Central banks across the world are piling into gold. A new World Gold Council survey released this week shows that 95% of central banks globally expect gold reserves to rise over the next 12 months, with a record 43% planning to buy more themselves within that time.
The numbers don’t stop there. 76% of central bankers surveyed believe gold will take up the largest share of global reserves within five years, replacing part of what’s now held in dollars and other fiat.
There’s no divide in sentiment—this view is shared by officials from developed economies, emerging markets, and lower-income nations alike. The same survey also showed that 73% expect a drop in US dollar holdings globally over that same period. This growing lack of confidence is shaping how institutions plan their portfolios going forward.
Banks sell off dollars while stacking gold and foreign currencies
The shift away from the greenback isn’t subtle. That 73% figure reflects expectations of a moderate or major fall in US dollar exposure within reserve portfolios by 2030. In its place, the share of euro and renminbi holdings is expected to grow. The timing of this isn’t random. The US dollar index (DX-Y.NYB) has already dropped 9% so far this year, and banks are reacting fast.
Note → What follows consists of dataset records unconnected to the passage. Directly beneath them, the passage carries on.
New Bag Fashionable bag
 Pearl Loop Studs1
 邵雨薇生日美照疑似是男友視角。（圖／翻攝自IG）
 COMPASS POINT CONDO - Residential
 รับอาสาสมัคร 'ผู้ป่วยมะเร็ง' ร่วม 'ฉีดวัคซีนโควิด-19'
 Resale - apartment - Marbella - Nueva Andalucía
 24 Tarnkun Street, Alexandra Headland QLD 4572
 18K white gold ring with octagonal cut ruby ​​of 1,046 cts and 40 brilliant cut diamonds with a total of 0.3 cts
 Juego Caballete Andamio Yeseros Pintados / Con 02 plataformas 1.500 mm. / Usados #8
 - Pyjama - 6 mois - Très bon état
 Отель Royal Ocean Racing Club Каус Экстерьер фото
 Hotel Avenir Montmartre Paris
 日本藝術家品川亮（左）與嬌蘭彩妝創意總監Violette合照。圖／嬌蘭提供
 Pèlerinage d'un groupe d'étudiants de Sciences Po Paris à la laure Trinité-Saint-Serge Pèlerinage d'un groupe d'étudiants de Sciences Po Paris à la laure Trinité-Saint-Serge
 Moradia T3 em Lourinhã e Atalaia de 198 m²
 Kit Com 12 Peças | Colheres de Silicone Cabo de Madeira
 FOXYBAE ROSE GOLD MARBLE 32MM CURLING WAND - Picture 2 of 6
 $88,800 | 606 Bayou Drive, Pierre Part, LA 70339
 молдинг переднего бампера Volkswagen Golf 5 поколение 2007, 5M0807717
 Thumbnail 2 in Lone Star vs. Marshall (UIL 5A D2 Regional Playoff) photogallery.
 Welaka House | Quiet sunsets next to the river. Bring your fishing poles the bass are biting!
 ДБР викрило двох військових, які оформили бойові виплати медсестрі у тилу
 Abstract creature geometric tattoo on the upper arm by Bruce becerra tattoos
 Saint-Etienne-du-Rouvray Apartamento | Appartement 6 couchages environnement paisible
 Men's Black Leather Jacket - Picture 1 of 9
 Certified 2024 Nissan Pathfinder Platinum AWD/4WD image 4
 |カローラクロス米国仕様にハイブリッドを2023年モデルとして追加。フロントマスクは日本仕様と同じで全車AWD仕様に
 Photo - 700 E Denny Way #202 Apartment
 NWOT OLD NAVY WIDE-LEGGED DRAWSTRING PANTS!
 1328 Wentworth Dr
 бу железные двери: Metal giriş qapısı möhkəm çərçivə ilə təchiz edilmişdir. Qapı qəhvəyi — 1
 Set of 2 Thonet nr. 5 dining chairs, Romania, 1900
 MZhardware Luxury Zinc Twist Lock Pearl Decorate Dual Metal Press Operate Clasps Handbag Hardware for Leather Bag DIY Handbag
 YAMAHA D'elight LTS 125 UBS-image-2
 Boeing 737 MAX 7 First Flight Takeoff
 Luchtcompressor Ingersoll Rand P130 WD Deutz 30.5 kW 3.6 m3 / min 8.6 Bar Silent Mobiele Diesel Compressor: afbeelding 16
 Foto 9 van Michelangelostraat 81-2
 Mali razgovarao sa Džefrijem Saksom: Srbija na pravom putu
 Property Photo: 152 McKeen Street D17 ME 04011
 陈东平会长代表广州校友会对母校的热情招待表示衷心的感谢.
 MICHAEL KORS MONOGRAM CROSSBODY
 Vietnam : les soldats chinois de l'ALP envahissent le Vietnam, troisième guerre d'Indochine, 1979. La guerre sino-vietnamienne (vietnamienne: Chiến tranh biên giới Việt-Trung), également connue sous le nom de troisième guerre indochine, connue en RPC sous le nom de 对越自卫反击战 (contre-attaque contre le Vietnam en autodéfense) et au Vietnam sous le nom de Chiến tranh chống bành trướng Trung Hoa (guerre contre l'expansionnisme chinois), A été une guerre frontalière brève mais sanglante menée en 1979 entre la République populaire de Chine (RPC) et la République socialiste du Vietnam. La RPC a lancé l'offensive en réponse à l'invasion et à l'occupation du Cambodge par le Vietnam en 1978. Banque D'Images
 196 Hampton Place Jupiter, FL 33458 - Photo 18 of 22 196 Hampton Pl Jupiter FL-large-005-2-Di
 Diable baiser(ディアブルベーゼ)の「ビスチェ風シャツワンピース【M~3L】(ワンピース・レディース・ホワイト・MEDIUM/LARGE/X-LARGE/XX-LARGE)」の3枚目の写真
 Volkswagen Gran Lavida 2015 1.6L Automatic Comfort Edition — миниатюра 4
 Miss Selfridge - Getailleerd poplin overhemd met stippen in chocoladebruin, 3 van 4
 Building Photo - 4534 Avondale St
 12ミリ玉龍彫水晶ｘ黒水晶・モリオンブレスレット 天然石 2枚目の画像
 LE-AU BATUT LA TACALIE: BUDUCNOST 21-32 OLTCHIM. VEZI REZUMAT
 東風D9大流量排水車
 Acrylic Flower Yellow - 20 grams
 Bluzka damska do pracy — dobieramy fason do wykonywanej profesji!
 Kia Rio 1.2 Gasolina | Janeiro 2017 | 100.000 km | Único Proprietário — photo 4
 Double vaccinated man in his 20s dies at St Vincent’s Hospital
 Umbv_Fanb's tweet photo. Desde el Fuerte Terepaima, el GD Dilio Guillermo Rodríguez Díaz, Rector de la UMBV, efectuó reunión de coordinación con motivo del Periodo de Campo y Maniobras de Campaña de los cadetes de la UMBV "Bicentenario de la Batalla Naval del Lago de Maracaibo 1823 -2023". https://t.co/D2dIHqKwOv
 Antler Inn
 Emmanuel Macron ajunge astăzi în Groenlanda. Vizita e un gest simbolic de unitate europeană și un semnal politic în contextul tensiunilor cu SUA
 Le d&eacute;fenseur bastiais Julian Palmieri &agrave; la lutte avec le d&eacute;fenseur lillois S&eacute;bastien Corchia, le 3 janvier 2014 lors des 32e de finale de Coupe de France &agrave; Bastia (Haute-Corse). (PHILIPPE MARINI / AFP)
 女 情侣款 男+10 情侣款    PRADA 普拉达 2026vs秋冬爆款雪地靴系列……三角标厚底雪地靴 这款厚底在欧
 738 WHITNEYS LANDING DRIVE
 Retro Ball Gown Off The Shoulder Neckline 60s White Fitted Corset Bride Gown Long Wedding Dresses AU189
What’s driving this drop is a mix of geopolitical tensions, a trade war climate, and deep concern over US fiscal policy. There’s growing unease around the direction of America’s debt and spending, and that’s forcing central banks to look for alternatives. Many of them are turning to assets tied to Europe and Asia, where they expect new stimulus measures and better valuations.
But above all else, they are turning to gold. And they’re not slowing down. Central banks have now been buying more than 1,000 tonnes of gold annually for three years straight. That’s more than double the average of 400 to 500 tonnes per year seen between 2010 and 2020. These aren’t symbolic purchases. This is aggressive buying aimed at reshaping reserves.
Gold breaks records while investors bet on rate cuts
The buying spree has helped push gold prices to repeated all-time highs this year. On top of central bank demand, institutional investors have poured money into gold-backed ETFs, betting that a potential Federal Reserve rate cut will further push prices up. So far, that’s exactly what’s happened—gold is up 27% year to date.
But not everyone thinks this trend will last at the same pace. Citi analysts this week issued a note predicting that gold demand might slow down ahead of the 2026 election, now that Donald Trump is back in the White House.
They wrote, “We strongly believe that President Trump cares about US popularity, GDP, and geopolitical success, and thus the Trump put exists.” The analysts said Trump could pull back on certain policies or introduce new ones designed to boost the economy, which may reduce short-term demand for gold.
Even with that possibility, Citi still expects gold to rise to between $2,500 and $2,700 an ounce by the second half of 2026. The market is already positioning for it. And at the moment, the central banks are still in buy mode. Every indicator shows they’re not done.